> **The task**
Look at every line below and count those containing "Main". Answer with the number only.
━━━ Given records
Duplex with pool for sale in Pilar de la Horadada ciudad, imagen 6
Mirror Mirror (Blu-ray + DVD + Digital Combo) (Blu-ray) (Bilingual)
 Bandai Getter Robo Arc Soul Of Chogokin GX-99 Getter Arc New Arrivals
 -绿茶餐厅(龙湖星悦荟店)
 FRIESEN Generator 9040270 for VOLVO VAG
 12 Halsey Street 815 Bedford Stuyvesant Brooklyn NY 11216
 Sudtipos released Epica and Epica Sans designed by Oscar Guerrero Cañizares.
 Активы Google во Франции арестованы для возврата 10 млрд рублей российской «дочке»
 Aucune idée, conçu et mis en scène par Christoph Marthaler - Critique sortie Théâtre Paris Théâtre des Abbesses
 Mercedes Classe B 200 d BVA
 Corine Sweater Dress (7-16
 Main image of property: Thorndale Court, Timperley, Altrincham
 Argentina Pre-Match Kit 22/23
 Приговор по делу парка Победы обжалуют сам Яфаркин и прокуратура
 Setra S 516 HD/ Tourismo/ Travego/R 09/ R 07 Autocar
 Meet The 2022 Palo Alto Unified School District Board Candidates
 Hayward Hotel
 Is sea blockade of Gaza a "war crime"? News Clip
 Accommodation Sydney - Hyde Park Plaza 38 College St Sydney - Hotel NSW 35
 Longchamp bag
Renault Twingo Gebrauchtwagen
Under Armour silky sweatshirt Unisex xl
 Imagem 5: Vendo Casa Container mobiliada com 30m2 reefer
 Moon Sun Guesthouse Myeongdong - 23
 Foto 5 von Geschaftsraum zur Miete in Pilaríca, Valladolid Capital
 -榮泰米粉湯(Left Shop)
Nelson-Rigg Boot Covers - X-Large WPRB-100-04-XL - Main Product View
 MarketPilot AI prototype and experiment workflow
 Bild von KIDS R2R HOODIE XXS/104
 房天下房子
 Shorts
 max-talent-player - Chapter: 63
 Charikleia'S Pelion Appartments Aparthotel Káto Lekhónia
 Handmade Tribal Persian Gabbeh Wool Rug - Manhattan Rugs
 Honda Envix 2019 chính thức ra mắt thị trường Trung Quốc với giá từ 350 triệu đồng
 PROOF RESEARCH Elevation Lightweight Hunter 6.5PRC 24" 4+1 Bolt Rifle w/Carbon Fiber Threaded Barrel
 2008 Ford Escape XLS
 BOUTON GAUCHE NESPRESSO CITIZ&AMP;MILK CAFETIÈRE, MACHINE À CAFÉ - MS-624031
━━━━━━
> **Response below**
2